CommonLanguage Dataset [download]
This dataset is composed of speakers of 45 languages that were carefully selected from CommonVoice database. The total duration of audio recordings is 45.1 hours. The data is already split into train, dev (validation) and test sets.

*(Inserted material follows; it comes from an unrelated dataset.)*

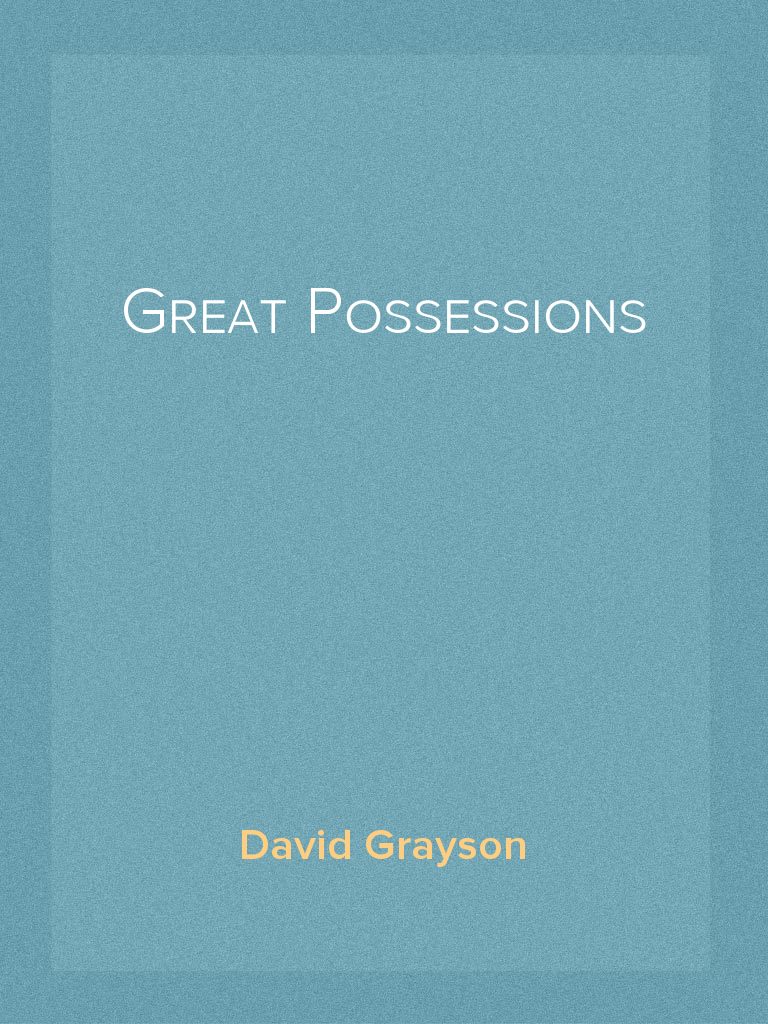 Great Possessions by David Grayson (Ebook) - Read free for 30 days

Statistics of CommonLanguage:
| Name | Train | Dev | Test |
|---|---|---|---|
| # of utterances | 177552 | 47104 | 47704 |
| # unique speakers | 11189 | 1297 | 1322 |
| Total duration, hr | 30.04 | 7.53 | 7.53 |
| Min duration, sec | 0.86 | 0.98 | 0.89 |
| Mean duration, sec | 4.87 | 4.61 | 4.55 |
| Max duration, sec | 21.72 | 105.67 | 29.83 |
| Duration per language, min | ~40 | ~10 | ~10 |
List of languages:
- Arabic
- Basque
- Breton
- Catalan
- Chinese_China
- Chinese_Hongkong
- Chinese_Taiwan
- Chuvash
- Czech
- Dhivehi
- Dutch
- English
- Esperanto
- Estonian
- French
- Frisian
- Georgian
- German
- Greek
- Hakha_Chin
- Indonesian
- Interlingua
- Italian
- Japanese
- Kabyle
- Kinyarwanda
- Kyrgyz
- Latvian
- Maltese
- Mangolian
- Persian
- Polish
- Portuguese
- Romanian
- Romansh_Sursilvan
- Russian
- Sakha
- Slovenian
- Spanish
- Swedish
- Tamil
- Tatar
- Turkish
- Ukrainian
- Welsh
Other information
In addition to the language label, the datapoints have age, gender and utterance transcription associated with each utterance.